I was born and raised in Rhode Island before I left at the age of 22.

I spent the next quarter century living elsewhere.

When I returned, I had my new eyes. My praise was to be a salute to contributions Rhode Island has made to the evolution of religious, political and economic development of the United States over the nearly 375 years since its settlement. These are just a few of the positives in the legacy Rhode Islanders have inherited -

* Roger Williams and Religious freedom through separation of church and state, 1636

* Leadership in establishing political independence from Great Britain prior to any of the other colonies in 1776

* General Nathanial Green led George Washington’s southern army, in the freeing of the southern colonies during the revolutionary war.

* Samuel Slater introduced the Industrial revolution to North America by building the first cotton mill in Pawtucket in 1793.

* Commodore Matthew Perry, the U.S. Navy Commander of the “Black Fleet,” compelled the Japanese to opening of Japan to the West with the Convention of Kanagawa in 1854.

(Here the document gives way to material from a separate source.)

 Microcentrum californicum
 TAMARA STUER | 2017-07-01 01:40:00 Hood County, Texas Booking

* Openness to immigrants from southern Europe, northern and Eastern Europe in the 19th and early 20th century and from South and Central America, Southeast Asia in the late 20th century fueled a diverse and rich cultural life.


As small as it is, Rhode Island, its institutions and citizens have made, and continue to make significant contributions to nation and the world.

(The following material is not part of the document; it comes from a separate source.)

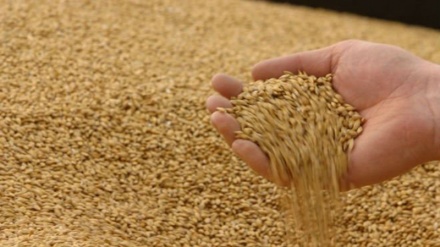 Iran to export first wheat cargo to Indonesia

But Rhode Island is no paradise. The beauty of Narragansett Bay and the Beaches in South County, the quaint New England villages of Wickford and Scituate, the glamour of Newport and its Mansions, the history of Providence and the Blackstone Valley, are not enough to offset a number of negatives that also are part of the Rhode Legacy.

* A strong legislature with weak Executive and Judicial branches of government has from the beginning created a local political climate ripe for corruption and insider dealing.

* A fragmented system of local government created to meet the needs of 19th century mill owners continues to plague the state of 1,000,000 inhabitants with 39 independent cities and towns each with its own local government and expenses.

* A strong set of public employee labor unions that along with the remnants of unions left over from the manufacturing hay days of the mid-20th century, dominate the legislative to promote labor interests over those of the public and business in a 21st century world.

* Provincialism, on the level of the Balkan, among the natives who have near really left the state and where a person will sell their house to be 5 minutes closer to their work, fosters a sense of inferiority and irrational sensitivity to criticism.

These are just some of the negatives that part of the RI Legacy.

These are negatives that must be addressed if Rhode Island is to compete in the 21st century. They must be addressed if those of us who have growing up here, left and returned, and if those who come here from elsewhere and seen and felt the potentials, are to stay and contribute in a meaningful way to “the lively experiment” that is Rhode Island.

So, as I see it, there is the context and the problem. The point of this blog from now on will be to explore my feelings and reactions to this legacy. As an heir to the “lively experiment”, what have I done to promote the good and to change the bad in this legacy?